Callaway Golf (NYSE:ELY) named a new CEO today. The new executive comes from Adams Golf (NASDAQ:ADGF) where he was very successful in turning around that struggling golf manufacturer. Will he be able to work the same magic with this venerable golf equipment maker? Given his past success and Callaway's low valuation; an investor should definitely look into taking Callaway for a "drive".
6 reasons Callaway looks like a solid buy at $6.50 a share:
- The company has a solid balance sheet with over 10% of its market capitalization in net cash.
- Insiders have been net buyers of the stock over the past six months.
- The six analysts that cover Callaway have a current median price target on Callaway of $9 a share. Given the new CEO's pas success at Adams Golf, it is probable that price target will be revised up in the near future.

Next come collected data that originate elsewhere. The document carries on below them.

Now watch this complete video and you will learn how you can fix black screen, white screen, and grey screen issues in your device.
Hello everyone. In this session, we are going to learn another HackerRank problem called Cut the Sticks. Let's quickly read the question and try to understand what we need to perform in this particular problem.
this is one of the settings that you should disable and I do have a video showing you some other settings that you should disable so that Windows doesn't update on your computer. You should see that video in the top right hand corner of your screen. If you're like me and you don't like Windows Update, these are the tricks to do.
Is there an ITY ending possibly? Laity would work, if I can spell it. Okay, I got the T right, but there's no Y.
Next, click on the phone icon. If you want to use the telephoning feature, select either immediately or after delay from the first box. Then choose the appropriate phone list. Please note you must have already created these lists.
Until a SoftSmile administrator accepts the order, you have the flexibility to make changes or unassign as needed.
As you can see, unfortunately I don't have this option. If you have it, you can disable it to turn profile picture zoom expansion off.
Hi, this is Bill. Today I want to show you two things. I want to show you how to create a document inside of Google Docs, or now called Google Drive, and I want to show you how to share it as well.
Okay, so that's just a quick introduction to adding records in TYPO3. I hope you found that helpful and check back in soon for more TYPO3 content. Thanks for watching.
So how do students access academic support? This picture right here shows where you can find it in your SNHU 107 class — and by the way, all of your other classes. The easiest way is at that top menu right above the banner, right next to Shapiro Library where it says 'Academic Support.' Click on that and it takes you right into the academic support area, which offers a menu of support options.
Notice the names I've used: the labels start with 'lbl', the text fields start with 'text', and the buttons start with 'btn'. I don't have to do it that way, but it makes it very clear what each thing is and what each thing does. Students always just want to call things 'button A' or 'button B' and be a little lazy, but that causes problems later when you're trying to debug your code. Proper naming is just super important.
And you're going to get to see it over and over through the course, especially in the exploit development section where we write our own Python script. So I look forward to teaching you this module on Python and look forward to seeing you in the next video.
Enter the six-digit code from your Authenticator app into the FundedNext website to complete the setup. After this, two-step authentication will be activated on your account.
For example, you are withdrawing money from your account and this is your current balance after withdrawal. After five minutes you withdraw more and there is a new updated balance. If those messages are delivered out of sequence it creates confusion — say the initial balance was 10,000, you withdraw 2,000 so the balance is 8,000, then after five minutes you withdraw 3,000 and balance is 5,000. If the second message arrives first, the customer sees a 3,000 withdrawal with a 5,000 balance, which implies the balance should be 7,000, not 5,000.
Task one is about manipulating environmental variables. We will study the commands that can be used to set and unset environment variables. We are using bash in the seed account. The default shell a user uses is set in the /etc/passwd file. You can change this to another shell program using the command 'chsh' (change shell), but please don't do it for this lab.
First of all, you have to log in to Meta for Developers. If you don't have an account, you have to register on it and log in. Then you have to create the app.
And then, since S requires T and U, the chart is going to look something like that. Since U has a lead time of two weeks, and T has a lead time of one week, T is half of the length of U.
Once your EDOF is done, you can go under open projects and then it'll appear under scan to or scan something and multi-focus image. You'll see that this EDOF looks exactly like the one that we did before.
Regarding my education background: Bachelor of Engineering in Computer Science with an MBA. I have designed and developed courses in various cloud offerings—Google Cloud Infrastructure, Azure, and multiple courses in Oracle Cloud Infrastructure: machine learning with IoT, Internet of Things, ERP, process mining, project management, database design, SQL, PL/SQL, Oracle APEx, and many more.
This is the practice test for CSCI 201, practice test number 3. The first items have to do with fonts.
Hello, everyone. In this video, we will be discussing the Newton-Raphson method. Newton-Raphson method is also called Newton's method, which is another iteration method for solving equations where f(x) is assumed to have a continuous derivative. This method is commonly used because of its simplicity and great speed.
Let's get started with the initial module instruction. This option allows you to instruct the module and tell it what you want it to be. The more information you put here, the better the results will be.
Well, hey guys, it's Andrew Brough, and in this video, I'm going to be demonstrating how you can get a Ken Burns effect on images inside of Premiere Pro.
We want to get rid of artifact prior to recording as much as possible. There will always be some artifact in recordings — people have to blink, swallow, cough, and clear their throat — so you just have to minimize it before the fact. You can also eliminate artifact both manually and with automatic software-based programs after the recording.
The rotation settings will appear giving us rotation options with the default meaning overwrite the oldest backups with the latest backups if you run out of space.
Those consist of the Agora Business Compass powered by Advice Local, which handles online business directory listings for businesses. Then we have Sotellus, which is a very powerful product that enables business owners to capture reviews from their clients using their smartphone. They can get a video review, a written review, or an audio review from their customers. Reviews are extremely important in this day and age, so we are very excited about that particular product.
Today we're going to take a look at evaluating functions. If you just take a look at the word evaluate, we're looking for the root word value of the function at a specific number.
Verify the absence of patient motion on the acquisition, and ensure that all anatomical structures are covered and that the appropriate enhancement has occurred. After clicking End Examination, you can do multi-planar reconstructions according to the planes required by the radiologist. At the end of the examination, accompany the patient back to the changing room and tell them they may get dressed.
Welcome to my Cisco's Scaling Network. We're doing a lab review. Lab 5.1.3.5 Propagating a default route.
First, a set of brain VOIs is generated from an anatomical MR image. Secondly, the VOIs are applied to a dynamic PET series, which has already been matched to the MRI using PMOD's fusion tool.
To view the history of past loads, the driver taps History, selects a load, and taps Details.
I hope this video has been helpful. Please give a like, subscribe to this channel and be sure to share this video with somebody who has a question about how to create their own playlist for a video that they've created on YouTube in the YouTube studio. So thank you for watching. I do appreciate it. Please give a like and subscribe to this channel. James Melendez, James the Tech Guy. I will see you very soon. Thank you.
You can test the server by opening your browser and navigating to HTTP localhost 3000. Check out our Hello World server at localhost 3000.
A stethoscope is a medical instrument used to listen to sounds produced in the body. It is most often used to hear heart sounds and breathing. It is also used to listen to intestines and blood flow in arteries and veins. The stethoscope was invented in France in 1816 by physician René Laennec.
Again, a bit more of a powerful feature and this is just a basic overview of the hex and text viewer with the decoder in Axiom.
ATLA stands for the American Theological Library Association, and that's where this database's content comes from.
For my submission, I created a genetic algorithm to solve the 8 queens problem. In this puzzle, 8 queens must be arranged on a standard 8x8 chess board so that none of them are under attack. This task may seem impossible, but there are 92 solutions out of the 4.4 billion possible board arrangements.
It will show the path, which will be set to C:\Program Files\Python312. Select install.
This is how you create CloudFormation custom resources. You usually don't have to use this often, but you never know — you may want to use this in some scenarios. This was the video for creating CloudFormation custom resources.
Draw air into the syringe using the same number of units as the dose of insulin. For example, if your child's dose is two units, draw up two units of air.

- Even before the announcement of the new CEO, the stock appeared to have bottomed and crossed over its 200 day moving average earlier this year (See Chart).
- The stock is selling at just 82% of book value and at near the bottom of its five year valuation range based on price to sales.
- Speaking of sales, Analysts expect revenues to rebound over the next two years. They expect over 10% revenue growth in FY2012 and north of 6% growth in FY2013.
Disclosure: I have no positions in any stocks mentioned, but may initiate a long position in ELY over the next 72 hours.